Par Dr. Seydina Oumar Seye,
Face à la dégradation de sa notation souveraine et à l’envolée des primes de risque, le Sénégal se trouve à un carrefour économique décisif. Alors que le gouvernement Diomaye-Sonko navigue dans des eaux financières tumultueuses, la question de la restructuration de la dette se pose avec une acuité croissante. Dans ce contexte complexe où s’entremêlent héritage financier lourd et potentiel économique prometteur, une analyse rigoureuse s’impose pour éclairer les enjeux cruciaux :
(1) Quels avantages concrets le Sénégal pourrait-il tirer d’une restructuration de sa dette souveraine, notamment en termes de marge de manœuvre budgétaire et de rétablissement de l’accès aux marchés financiers ?

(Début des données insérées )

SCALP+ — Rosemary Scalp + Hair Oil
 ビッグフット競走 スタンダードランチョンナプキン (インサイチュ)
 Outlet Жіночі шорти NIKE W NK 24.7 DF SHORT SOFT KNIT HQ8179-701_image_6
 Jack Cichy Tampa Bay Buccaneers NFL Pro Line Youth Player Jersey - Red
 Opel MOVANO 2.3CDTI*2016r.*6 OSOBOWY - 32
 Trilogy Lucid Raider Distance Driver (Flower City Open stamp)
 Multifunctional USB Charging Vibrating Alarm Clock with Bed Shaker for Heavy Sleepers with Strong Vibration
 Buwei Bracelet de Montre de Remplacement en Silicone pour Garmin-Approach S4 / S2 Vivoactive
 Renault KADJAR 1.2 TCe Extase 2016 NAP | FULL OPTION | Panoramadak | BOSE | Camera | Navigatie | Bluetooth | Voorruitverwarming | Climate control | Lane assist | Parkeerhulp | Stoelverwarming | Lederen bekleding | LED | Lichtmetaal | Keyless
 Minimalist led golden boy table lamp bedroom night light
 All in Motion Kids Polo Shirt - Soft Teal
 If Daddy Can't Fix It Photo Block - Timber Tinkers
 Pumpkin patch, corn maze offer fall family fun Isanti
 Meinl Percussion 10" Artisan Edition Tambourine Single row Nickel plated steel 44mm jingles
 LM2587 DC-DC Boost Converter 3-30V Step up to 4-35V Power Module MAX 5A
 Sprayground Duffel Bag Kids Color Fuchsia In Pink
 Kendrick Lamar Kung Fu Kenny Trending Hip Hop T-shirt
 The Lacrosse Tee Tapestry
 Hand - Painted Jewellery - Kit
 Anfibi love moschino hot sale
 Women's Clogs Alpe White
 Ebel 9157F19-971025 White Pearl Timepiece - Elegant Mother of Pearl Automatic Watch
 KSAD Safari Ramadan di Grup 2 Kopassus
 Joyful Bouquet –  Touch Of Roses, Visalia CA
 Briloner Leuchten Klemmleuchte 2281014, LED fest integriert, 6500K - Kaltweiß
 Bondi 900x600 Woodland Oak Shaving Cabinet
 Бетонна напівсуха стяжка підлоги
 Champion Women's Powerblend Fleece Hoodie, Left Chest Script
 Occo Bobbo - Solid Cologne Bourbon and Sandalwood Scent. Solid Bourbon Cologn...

(2) Quels sont les risques réels et les inconvénients d’une telle démarche, particulièrement concernant la réputation financière internationale et les effets d’entraînement régionaux dans l’espace UEMOA, in fine revivre le passé douloureux des programmes d’ajustement structurels (PAS)?
Cette analyse approfondie examine la position équilibrée du gouvernement sénégalais, qui défend une approche novatrice combinant responsabilité financière et protection des acquis sociaux, tout en s’appuyant sur les fondamentaux robustes de l’économie nationale et les leçons des expériences internationales.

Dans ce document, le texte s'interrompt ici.